**The problem:** Exactly the lines below from the one with "منزل الضيف Indian" up to and including the one with "Graphical abstract: Portable" make up the answer, with nothing else added.

++++ Entries shown

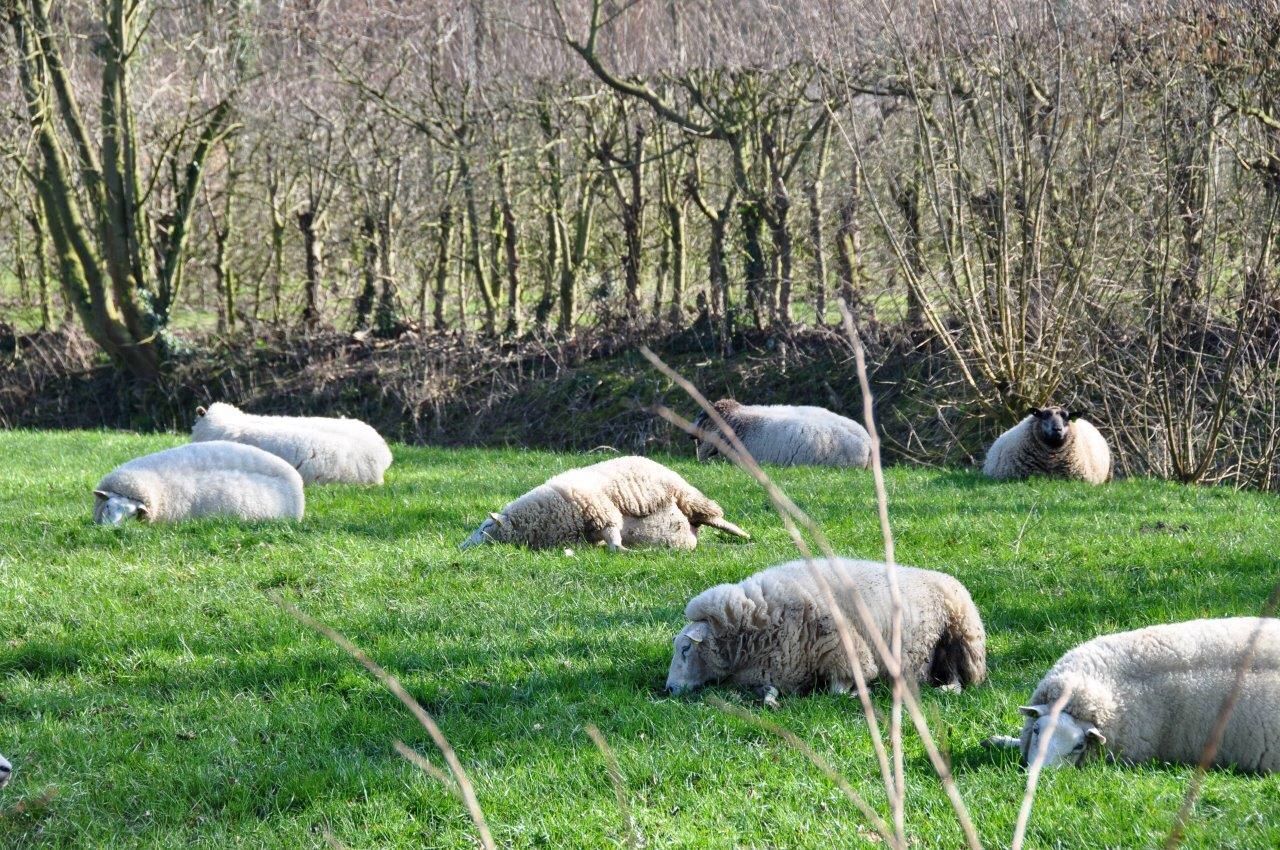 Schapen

++++++++
++++ Entries shown

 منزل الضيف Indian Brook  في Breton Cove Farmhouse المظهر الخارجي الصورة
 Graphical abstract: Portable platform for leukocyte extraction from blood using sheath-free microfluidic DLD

++++++++
++++ Entries shown

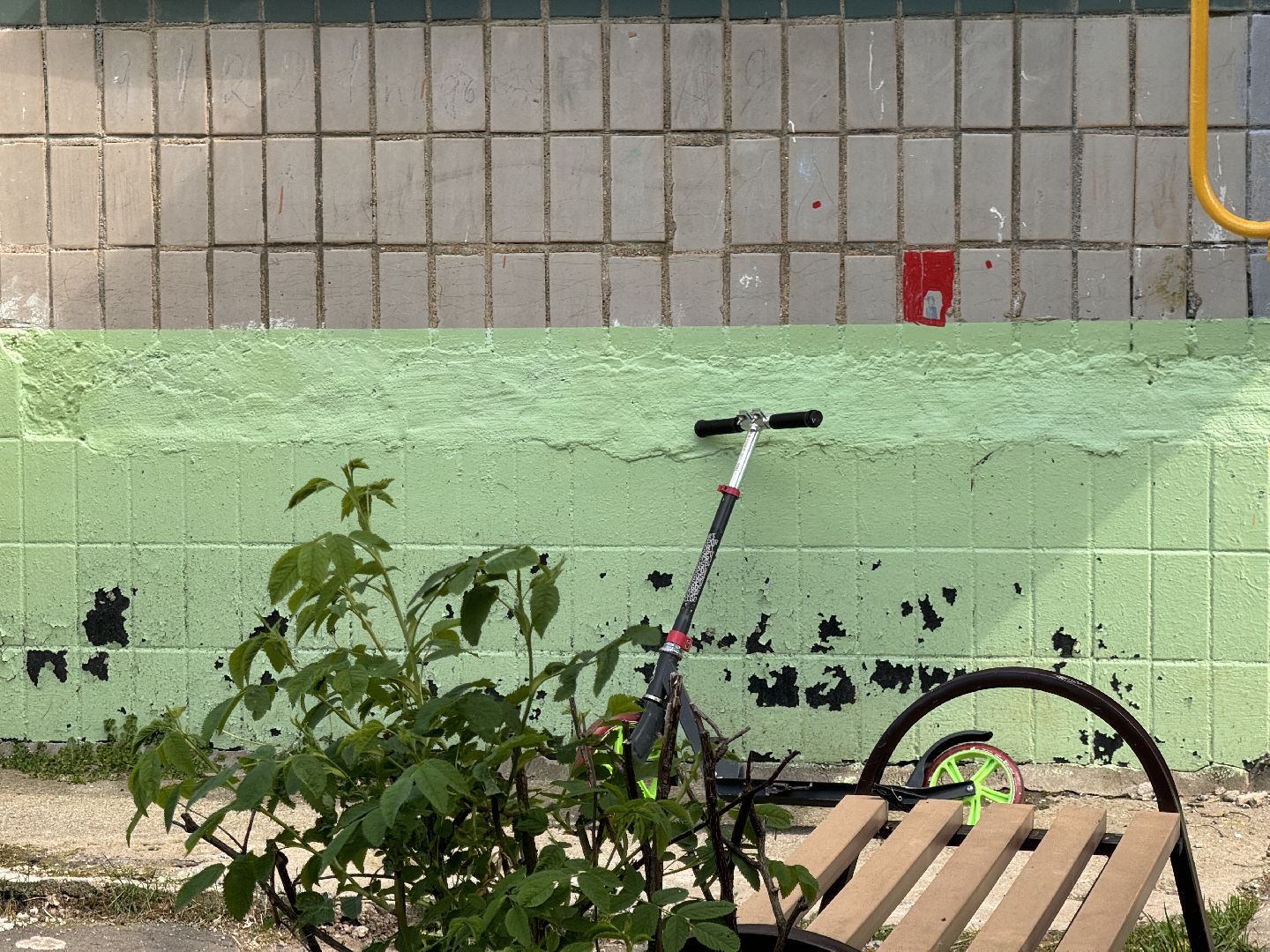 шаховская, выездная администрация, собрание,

++++++++

**Response for this exercise:**
 منزل الضيف Indian Brook  في Breton Cove Farmhouse المظهر الخارجي الصورة
 Graphical abstract: Portable platform for leukocyte extraction from blood using sheath-free microfluidic DLD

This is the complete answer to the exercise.